* What the exercise asks
Print the records below from the first line through the line containing "Promo Harga RINSO", both included, word for word.

* Material for the task
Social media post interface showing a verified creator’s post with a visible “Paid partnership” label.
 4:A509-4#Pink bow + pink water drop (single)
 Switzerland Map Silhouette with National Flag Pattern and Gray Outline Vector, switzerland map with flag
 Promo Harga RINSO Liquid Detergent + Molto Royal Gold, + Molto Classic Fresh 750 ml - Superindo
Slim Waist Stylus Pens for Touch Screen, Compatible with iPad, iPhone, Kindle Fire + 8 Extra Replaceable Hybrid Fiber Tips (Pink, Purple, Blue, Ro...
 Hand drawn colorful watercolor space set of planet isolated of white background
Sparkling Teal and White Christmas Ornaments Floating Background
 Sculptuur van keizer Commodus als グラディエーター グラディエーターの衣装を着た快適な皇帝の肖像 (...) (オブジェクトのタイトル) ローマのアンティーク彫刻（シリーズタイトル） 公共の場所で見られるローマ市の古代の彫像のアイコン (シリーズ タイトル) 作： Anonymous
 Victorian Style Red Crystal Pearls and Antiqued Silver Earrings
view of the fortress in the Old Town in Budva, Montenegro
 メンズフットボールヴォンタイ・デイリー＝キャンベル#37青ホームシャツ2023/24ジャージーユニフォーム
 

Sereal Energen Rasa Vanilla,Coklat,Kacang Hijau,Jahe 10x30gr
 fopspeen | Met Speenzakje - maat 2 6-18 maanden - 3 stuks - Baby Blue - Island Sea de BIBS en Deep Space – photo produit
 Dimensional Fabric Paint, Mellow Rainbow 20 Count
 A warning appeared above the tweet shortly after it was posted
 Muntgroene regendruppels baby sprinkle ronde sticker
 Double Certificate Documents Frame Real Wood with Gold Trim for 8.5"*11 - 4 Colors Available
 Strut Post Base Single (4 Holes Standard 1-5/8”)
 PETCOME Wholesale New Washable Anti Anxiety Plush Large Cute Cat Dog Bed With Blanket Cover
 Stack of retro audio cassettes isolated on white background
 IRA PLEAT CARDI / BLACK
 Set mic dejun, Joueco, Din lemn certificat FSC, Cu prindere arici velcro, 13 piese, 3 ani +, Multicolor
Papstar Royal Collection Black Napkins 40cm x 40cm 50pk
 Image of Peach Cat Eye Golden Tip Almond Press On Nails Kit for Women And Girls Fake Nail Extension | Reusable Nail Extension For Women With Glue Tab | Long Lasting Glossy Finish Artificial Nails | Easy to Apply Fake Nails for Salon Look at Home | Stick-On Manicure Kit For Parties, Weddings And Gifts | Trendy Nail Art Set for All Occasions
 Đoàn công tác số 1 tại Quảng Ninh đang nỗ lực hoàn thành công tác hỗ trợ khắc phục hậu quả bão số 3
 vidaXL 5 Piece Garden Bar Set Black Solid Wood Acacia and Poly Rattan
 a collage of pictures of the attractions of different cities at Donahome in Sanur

* Response to this exercise
Social media post interface showing a verified creator’s post with a visible “Paid partnership” label.
 4:A509-4#Pink bow + pink water drop (single)
 Switzerland Map Silhouette with National Flag Pattern and Gray Outline Vector, switzerland map with flag
 Promo Harga RINSO Liquid Detergent + Molto Royal Gold, + Molto Classic Fresh 750 ml - Superindo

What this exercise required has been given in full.